Dane arched a brow, uncertain if he should show gratitude for the praise or mistrust it. His first reaction was generally mistrust, though he sensed nothing false about Corbett.

The young man blushed. "A-and now I'm off to help the boys outside."

He took off like a puppy who hadn't quite grown into his legs. Dane shook his head. The young ones were always like that. Thrilled by the hunt, he supposed. Though he didn't recall ever being so eager. Of course, his background was likely far, far different from Corbett's and he'd come to this place with a much different view of it.

He pushed the thoughts aside, drew in a deep breath and entered the room. It appeared to be a library, with tall shelves brimming with books. A bright fire was burning in one corner of the room, and unlike the rest of the dark, moody house, lanterns and candles brought significant light to the chamber.

Behind a settee with a high back, a man stood, and his presence elicited the first hint of a smile on Dane's face.

"Hello, Stalwood," he said.

Stalwood looked up, and his wrinkled face brightened with his own smile. "Dane. Thank you for coming so swiftly. We were lucky you were close by."

Dane took a breath. He could smell it now. The metallic tang of blood that filled his nose and brought back memories of many a terrible day. He moved forward and around the settee.

And there it was. The body. A man, lying in a huge pool of blood. His face was twisted in pain and fear. Dane had seen the dead many a time before, but it remained a jarring experience. He often wondered what their last moments had been like. What they had thought of as they struggled to stay alive, then realized that struggle would be in vain. What did a man wish for in that moment?

As for the man lying before him, Dane couldn't believe many thoughts had plagued him, at least at the very last moments. The victim's head had been crushed by some kind of bludgeoning weapon. Probably the fire poker that lay beside him, caked with blood and slightly bent from the force of the blows it had struck.

"A weapon of opportunity," Dane said softly.

Stalwood glanced up at him with a nod. "Yes, I thought the same.

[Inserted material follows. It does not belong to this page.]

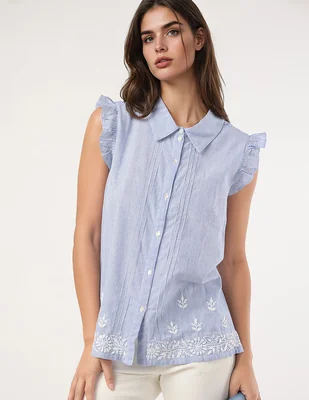 Blusa Dándara sin manga para mujer
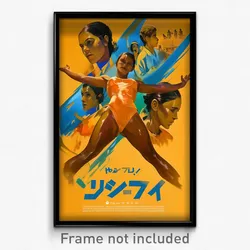 Brazilian Movie Poster - Woman Feeling Powerless, Rundown Orange Leotard (Print)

It leads me to believe his attacker might not have intended for this outcome tonight."

"All the better for us if the murder wasn't planned. There are more chances that the perpetrator left traces of himself behind. And who is the victim? I assume the War Department wouldn't be involved if he weren't important."

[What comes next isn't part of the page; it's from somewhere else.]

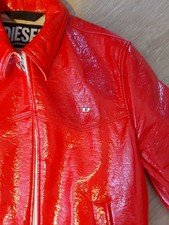 Lack jacke herren diesel - lack, rot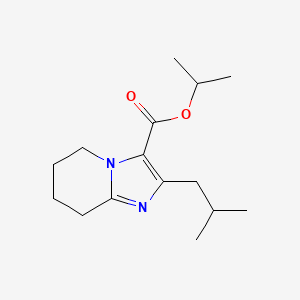molecular formula C15H24N2O2 B13204277 Propan-2-yl 2-(2-methylpropyl)-5H,6H,7H,8H-imidazo[1,2-a]pyridine-3-carboxylate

Stalwood nodded slowly. "Oh, yes, he is very important. This is … or was, I suppose, the Duke of Clairemont." Dane's eyes went wide as he jerked his face toward Stalwood. The earl nodded. "You know the name."

"Everyone in the game knows that name. I've seen it in a dozen reports. Clairemont has been long suspected of involvement in weapons trade with France, behind war lines, a direct violation of embargo and an act of treason. And worse, the man has been trading in information. When Smith was unmasked and executed in Napoleon's court, wasn't that rumored to be Clairemont's doing?"         

     



 

Stalwood's face grew grim. "Indeed, it was."

"Then someone has done the War Department a favor, it seems," Dane said, glancing over the dead man again, this time with more disdain than pity. How many lives had Clairemont cost, either by providing instruments of death or information to the enemy? A bludgeoning seemed too good a fate.

"Not much of one," Stalwood said.

"What do you mean?"

His superior motioned Dane to a desk beside a window. A thick book of poetry rested there, opened to reveal a hidden chamber within the tome. It was filled with letters.

"Ah, so His Grace wasn't as much of a reader as he might have seemed," Dane said. "At least not of books."

Stalwood shook his head. "No. Once we clear the body away, we'll have half a dozen agents searching through every book looking for more hidden correspondence. Right now, though, what this tells us is that Clairemont was involved in a great many dealings with a great many people. Even more connections than we thought. And certainly, though he was a villain, there are many branches to this poisonous vine, and cutting away one piece will do us little good."

Dane nodded, understanding. "You need the root."

"Yes. And alive, Clairemont might have helped us with that, whether willingly or not. But now … "

Dane clenched his fists. "Yes, I see. Do the servants have any information?"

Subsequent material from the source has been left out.